Your reply should be made up of every line in the records below that holds the string "Shoes".

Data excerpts
|---|

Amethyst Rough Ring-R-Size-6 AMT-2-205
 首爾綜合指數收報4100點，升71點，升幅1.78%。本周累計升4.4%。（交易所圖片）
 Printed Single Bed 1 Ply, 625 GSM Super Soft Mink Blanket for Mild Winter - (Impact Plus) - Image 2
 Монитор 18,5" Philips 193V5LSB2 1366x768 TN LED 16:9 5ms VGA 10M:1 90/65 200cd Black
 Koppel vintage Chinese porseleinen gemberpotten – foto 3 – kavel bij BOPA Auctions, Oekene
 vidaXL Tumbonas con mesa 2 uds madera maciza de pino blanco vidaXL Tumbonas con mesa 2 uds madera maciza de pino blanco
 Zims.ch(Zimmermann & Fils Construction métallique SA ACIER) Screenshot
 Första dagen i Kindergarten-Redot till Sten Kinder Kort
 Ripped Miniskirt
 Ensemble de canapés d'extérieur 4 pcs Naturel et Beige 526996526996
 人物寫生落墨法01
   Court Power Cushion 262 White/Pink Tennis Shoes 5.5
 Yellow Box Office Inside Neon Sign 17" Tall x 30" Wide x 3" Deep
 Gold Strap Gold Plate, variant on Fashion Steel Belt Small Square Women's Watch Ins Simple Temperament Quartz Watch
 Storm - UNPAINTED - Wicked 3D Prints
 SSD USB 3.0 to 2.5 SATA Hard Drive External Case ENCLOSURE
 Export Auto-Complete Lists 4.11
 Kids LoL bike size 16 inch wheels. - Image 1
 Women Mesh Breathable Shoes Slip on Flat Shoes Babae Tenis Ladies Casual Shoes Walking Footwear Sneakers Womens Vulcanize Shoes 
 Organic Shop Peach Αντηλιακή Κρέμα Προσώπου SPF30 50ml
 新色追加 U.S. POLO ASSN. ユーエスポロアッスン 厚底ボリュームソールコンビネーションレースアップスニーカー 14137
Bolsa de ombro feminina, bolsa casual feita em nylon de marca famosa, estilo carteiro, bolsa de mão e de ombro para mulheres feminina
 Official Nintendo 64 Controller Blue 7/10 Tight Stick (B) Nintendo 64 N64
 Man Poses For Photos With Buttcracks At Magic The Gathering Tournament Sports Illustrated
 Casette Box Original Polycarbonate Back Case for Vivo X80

|---|

_Solution to this exercise_.
   Court Power Cushion 262 White/Pink Tennis Shoes 5.5
 Women Mesh Breathable Shoes Slip on Flat Shoes Babae Tenis Ladies Casual Shoes Walking Footwear Sneakers Womens Vulcanize Shoes 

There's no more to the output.